Otro de los regalos más chulos que me hicieron fue esa bola del mundo que es una lámpara. Qué tardes más buenas pasamos buscando los países yo y un vecino mío que era muy cariñoso conmigo. ¡Ah!, y también el disco de los Europe: me pase varias semanas bailando delante del espejo y tocando la guitarra con una raqueta mientras sonaba «The Final Countdown», que todavía hoy me pone los pelitos de punta.

El menú del convite también tenía un peluseo, una botella de Mirinda y una de tinto malote por cada tres mesas, y muchos platitos de plástico con tortillas cortadas en cuadraditos y con un palillo de dientes pinchado encima, que cada vez que tirabas del palillo te llevabas solo la capa de arriba de la tortilla, porque la habían hecho con prisas y se les había quedado blandona por dentro. Y el plato estrella: los sándwiches de paté y de chóped con los filos levantados de haberles dado el aire toda la mañana.

De la orquesta ya ni os cuento, la Orquesta Talibán, los peores del mundo, o sea, federados como los peores. Un tío con bigote y camisa de lunares con dos cuarentonas con mallas de lycra y zapatos de tacón que habían dejado el Biomanán a principios de la gira, porque estaban que no cabían en el escenario. Sin olvidarme del teclista, al que mi padre, que ya iba un poquito croqueta, y yo le pelamos con una navajilla albaceteña el cable del enchufe del organillo.

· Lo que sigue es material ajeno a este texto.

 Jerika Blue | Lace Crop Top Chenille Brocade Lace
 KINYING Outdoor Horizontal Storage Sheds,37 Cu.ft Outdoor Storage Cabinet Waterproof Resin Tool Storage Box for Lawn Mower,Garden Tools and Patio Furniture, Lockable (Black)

Fue gracioso, en pleno estribillo de «La barbacoa», de Georgie Dann, cuando estaba todo el mundo allí bailando a lo loco, los señores con la corbata en la cabeza y las señoras con la faja por fuera, salió ardiendo el teclado. Casi se nos achicharra el pelo, parecía una barbacoa de verdad, y la gente se creía que eran efectos especiales que había contratado mi tío Enrique para darle más ambiente al evento. Y, lo peor de todo, los demás del grupo no se daban cuenta y seguían cantando y bailando, y el teclista pelúo como un auténtico churrasco: qué risa nos dimos mi padre yo, de los mejores recuerdos de mi primera comunión.

Cuando estaba a punto de terminar el día, mi tío se paseó por las mesas. Se creía que era una boda y me buscó corbata —yo no llevaba porque iba de marinerito— para «atracar» a los invitados. Al final, me puso una más grande que las de Luis Aguilé para recortarla y sacar más pasta: era un auténtico bandolero siglo XX, uno de los tíos más ladrones que he conocido, podía haber sido concejal sin ningún problema.

Estas fiestas son divertidas, porque mi tía la solterona, con la borrachera que lleva de meterle al tinto, siempre acaba liada con algún camarero y dan un show imposible, que me río yo de El último tango en París y de la tarrina de mantequilla. Y además siempre hay alguien que lo graba. Por cierto, creo que tengo alguna copia en Beta, ¿alguien la quiere?